### What to work on
Output all of the data verbatim.

### Available data
= Beginning of Section =
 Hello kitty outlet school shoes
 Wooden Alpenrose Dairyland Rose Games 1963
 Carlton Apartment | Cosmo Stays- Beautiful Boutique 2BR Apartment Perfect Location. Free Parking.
= End of Section =
### Task result
 Hello kitty outlet school shoes
 Wooden Alpenrose Dairyland Rose Games 1963
 Carlton Apartment | Cosmo Stays- Beautiful Boutique 2BR Apartment Perfect Location. Free Parking.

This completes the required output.